Tom, on one of his many visits to Christy, had said that was why Biddy had been so incensed when Nuala had married a Protestant in 1921.
‘She had built her up so much, you see, so she had further to fall,’ he said. ‘Nuala was no angel. She was human being, just like anyone else, but her only crime was falling in love with a man of a different religion.’
‘But didn’t your father die of shock when he got the letter telling him that?’ Christy asked.
‘Christy, my father was on borrowed time,’ Tom said. ‘His heart was very bad. He had had one warning attack and the doctor had told him to take life easier but he had taken no heed of it. I should imagine that, though he would undoubtedly have been shocked at Nuala’s news, his heart wouldn’t have given out if it had been fine and healthy in the first place. There was no need to blame Nuala and, like Mammy did with Aggie, forbid her name to be spoken and not allow us any contact with her, and we shouldn’t have allowed it to happen either.’
It been harsh, everyone said so, but few said it to Biddy herself. And when Joe went to America, not long after his father’s death, the only one Biddy Sullivan had to vent her spleen on was Tom. Most of the townsfolk didn’t know how he put up with his mother and nearly everyone agreed that he deserved a medal. Christy thought the same, because when Tom popped along to see him sometimes his manner and demeanour reminded him of a whipped dog.
He was certain that the way Tom’s mother behaved was the real reason that Tom had never
married.

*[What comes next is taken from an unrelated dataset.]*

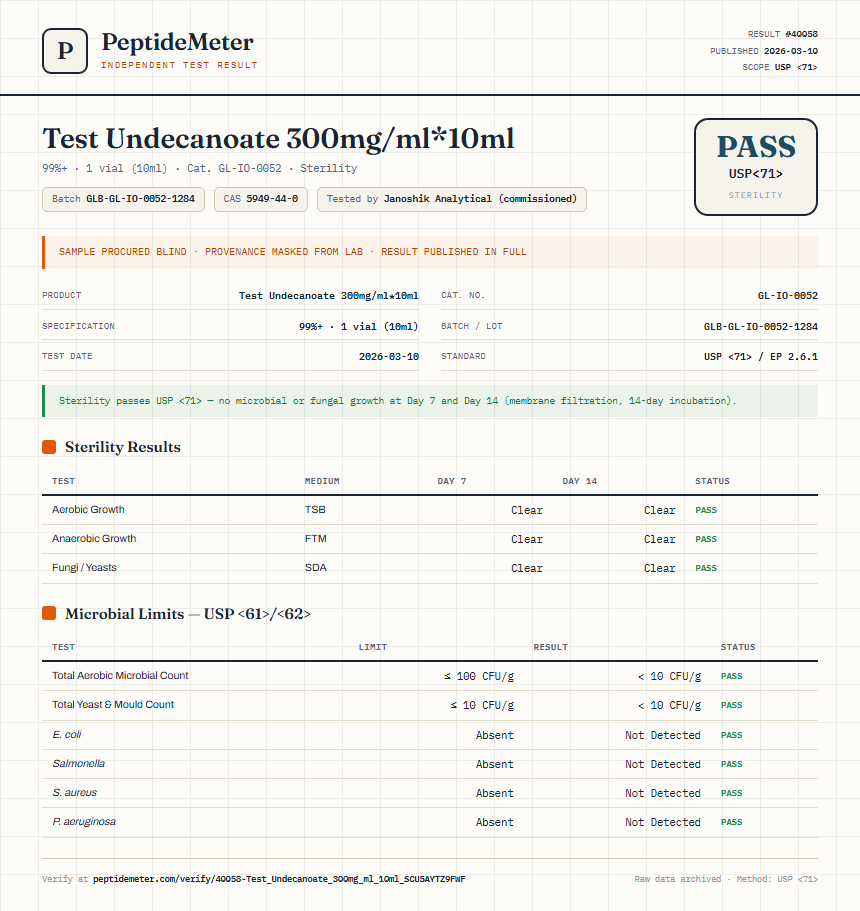 Test Undecanoate 300mg/ml*10ml Sterility report by PeptideMeter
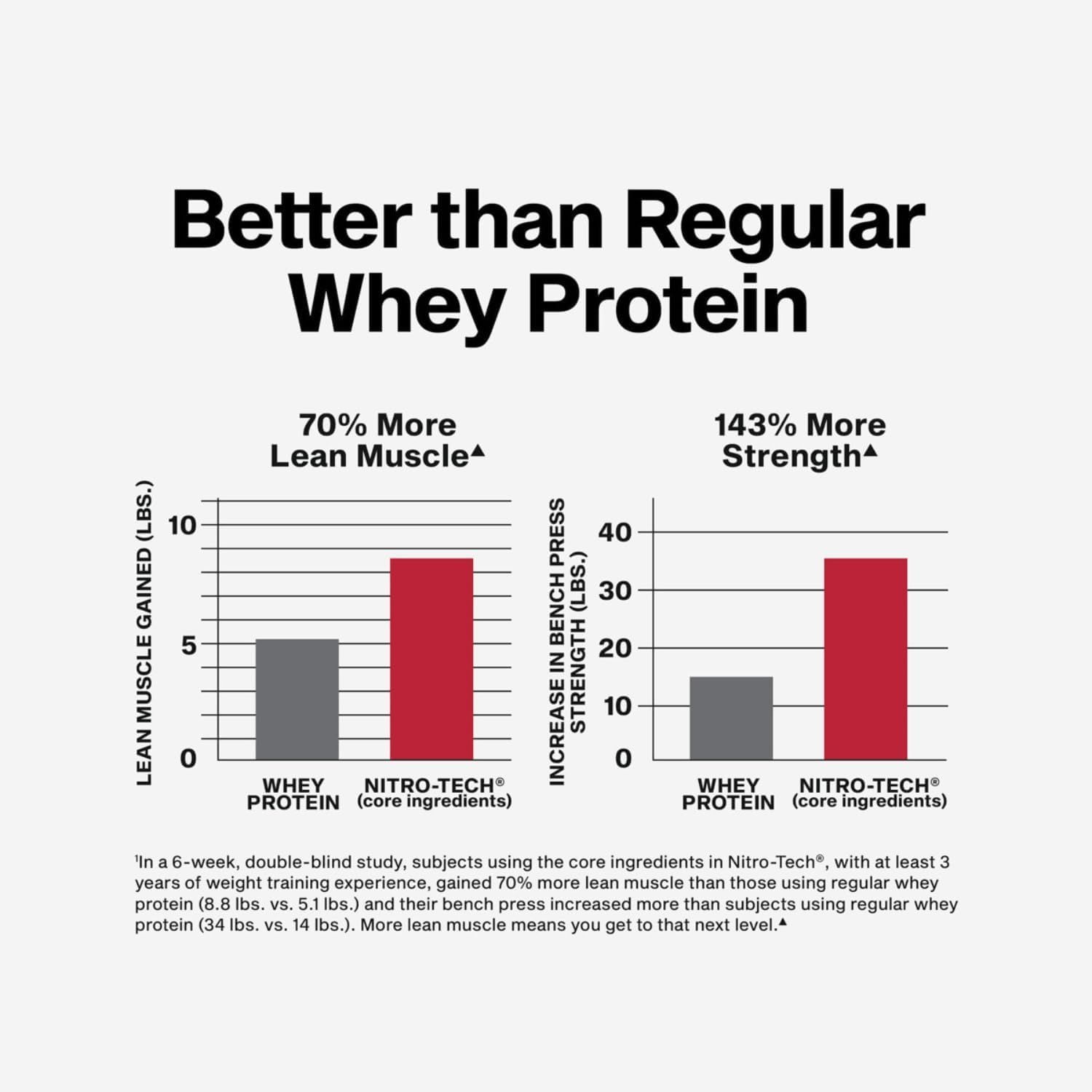 Muscletech Nitro-Tech Whey Protein Isolate & Peptides - Strawberry Flavor - 30g Protein per Scoop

When asked he always said that he wasn’t the marrying kind, but Finn had never been able to understand that at all. He always said he had it made, as far as women were concerned, for he was a fine handsome man, kindly and considerate, and added to that he was set to inherit the farm. ‘You should see the girls lusting after him at Mass, Christy,’ he would say. ‘And their mammies encouraging them. Tom must go round with blinkers on, for he never even sees them.’
But how could he have married, Christy often thought. What woman could he take back to that farmhouse with his mother acting the way she did? What sort of person would stand it? He recalled what Tom had told him about the way she had been with Nuala’s daughter, Molly, when she had brought her back from England after Nuala and her husband had been killed in a car accident.

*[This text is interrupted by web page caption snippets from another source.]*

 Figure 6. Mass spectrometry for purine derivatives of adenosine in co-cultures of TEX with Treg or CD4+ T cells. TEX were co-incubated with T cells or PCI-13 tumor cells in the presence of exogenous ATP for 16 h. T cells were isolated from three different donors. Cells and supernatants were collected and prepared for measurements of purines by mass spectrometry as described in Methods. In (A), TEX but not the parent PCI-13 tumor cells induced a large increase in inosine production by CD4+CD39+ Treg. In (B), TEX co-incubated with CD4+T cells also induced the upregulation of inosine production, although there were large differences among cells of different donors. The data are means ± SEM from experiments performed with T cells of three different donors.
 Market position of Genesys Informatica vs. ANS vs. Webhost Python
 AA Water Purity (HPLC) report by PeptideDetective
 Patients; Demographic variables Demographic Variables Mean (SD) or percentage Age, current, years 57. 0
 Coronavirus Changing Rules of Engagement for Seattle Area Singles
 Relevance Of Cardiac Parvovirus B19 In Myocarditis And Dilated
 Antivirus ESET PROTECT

Christy had been sorry to hear that Nuala had died. She had been a pretty wee thing, and so friendly too. She and Finn had been the best of friends and Christy had heard she had been so upset when she’d heard of Finn’s death.

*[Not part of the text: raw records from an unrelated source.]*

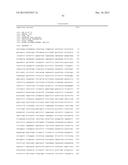 Compositions and Methods for Inhibiting Expression of a Target Gene diagram and image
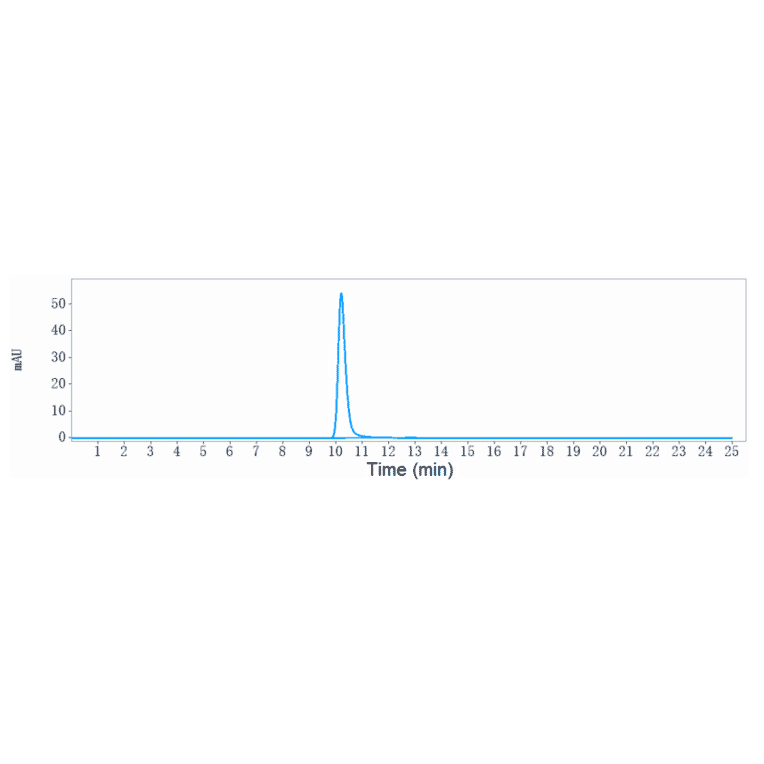 SEC-HPLC - Ebronucimab Biosimilar - Anti-PCSK9 Antibody - Low endotoxin, Azide free (A323406) - Antibodies.com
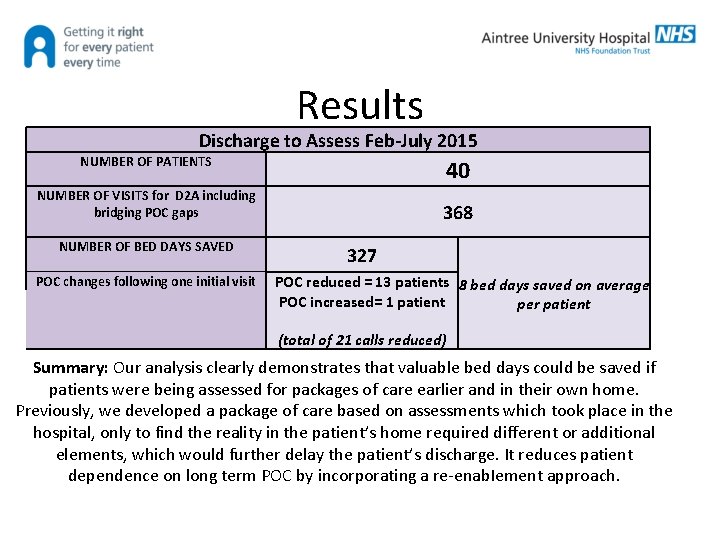 Results Discharge to Assess Feb-July 2015 NUMBER OF PATIENTS 40 NUMBER OF VISITS for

Christy had seen for himself the young girl, Molly, who looked the image of Nuala, when his father had taken him on a rare trip into Buncrana and he had caught sight of her. There had been a wee boy too, Tom had told him, but he had been left in Birmingham, England in the care of his grandfather, and Biddy Sullivan had led the orphaned Molly one hell of a life. ‘It was like she
had Nuala back and she punished Molly for what Nuala had done,’ Tom said.
Christy wasn’t at all surprised that Molly had taken off to find her brother and grandfather when war was barely begun. But Biddy had got her comeuppance, for a stroke had felled her in the end and eventually took away her speech too.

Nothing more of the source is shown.